───── RECORD SET

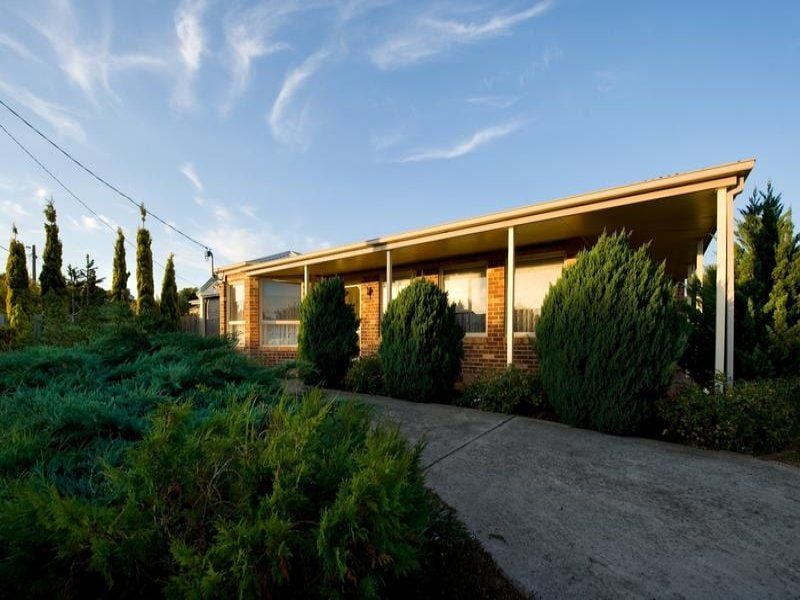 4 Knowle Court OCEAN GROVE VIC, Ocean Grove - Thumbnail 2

──────────
───── RECORD SET

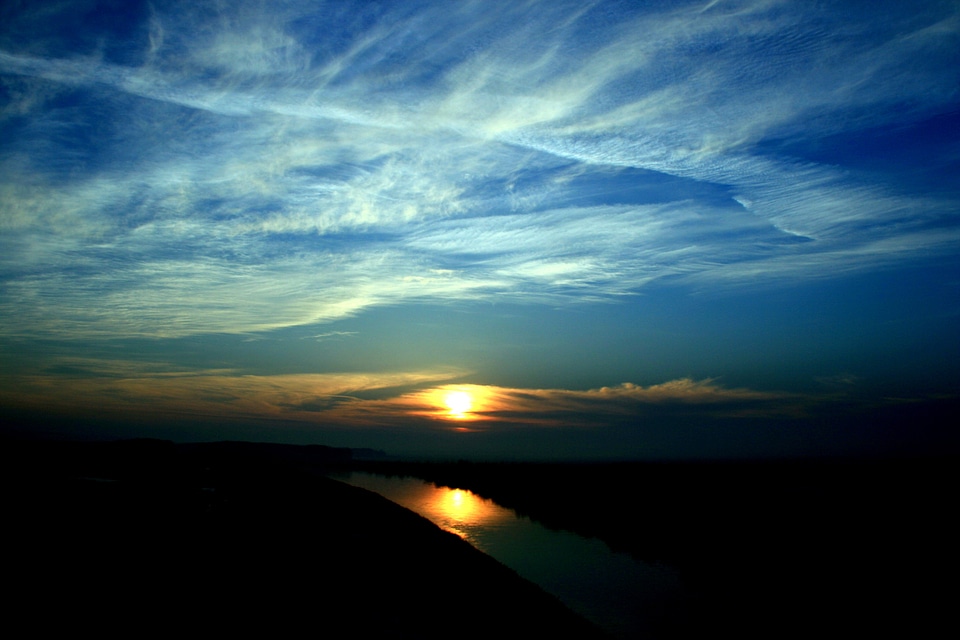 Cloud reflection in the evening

──────────
───── RECORD SET

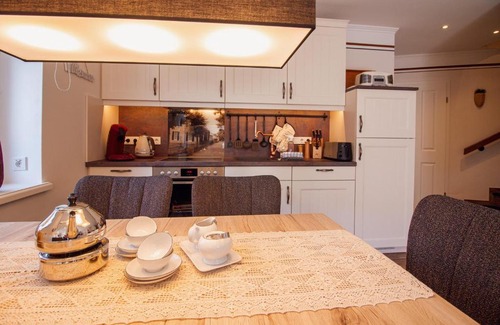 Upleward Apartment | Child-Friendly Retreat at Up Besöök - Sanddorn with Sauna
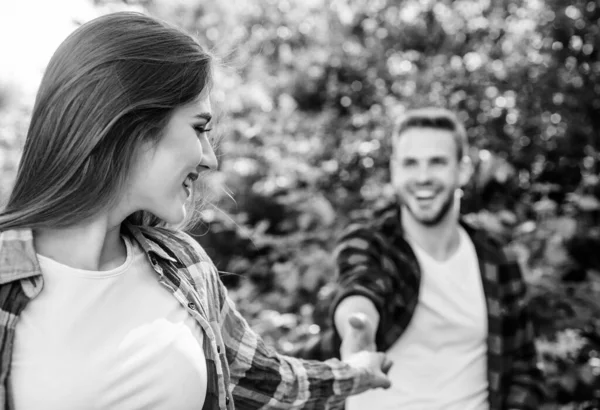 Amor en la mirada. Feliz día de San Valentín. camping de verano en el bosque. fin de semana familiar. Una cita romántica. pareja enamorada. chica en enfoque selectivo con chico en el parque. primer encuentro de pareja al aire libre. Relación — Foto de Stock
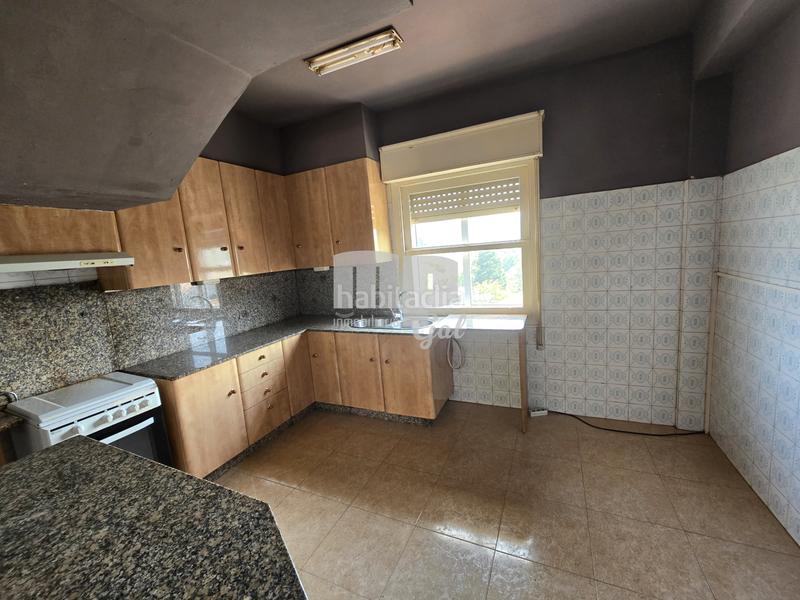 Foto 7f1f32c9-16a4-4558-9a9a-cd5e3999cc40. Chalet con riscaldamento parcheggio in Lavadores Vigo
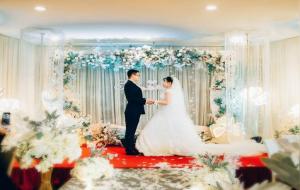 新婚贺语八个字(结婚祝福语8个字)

──────────

> WHAT YOU ARE ASKED TO DO: Keep to the stretch from the line containing "Amor en la mirada." through the line containing "新婚贺语八个字(结婚祝福语8个字)", both ends included, and copy it exactly from the listing above, minus the pictures.

> EXERCISE RESULT:
 Amor en la mirada. Feliz día de San Valentín. camping de verano en el bosque. fin de semana familiar. Una cita romántica. pareja enamorada. chica en enfoque selectivo con chico en el parque. primer encuentro de pareja al aire libre. Relación — Foto de Stock
 Foto 7f1f32c9-16a4-4558-9a9a-cd5e3999cc40. Chalet con riscaldamento parcheggio in Lavadores Vigo
 新婚贺语八个字(结婚祝福语8个字)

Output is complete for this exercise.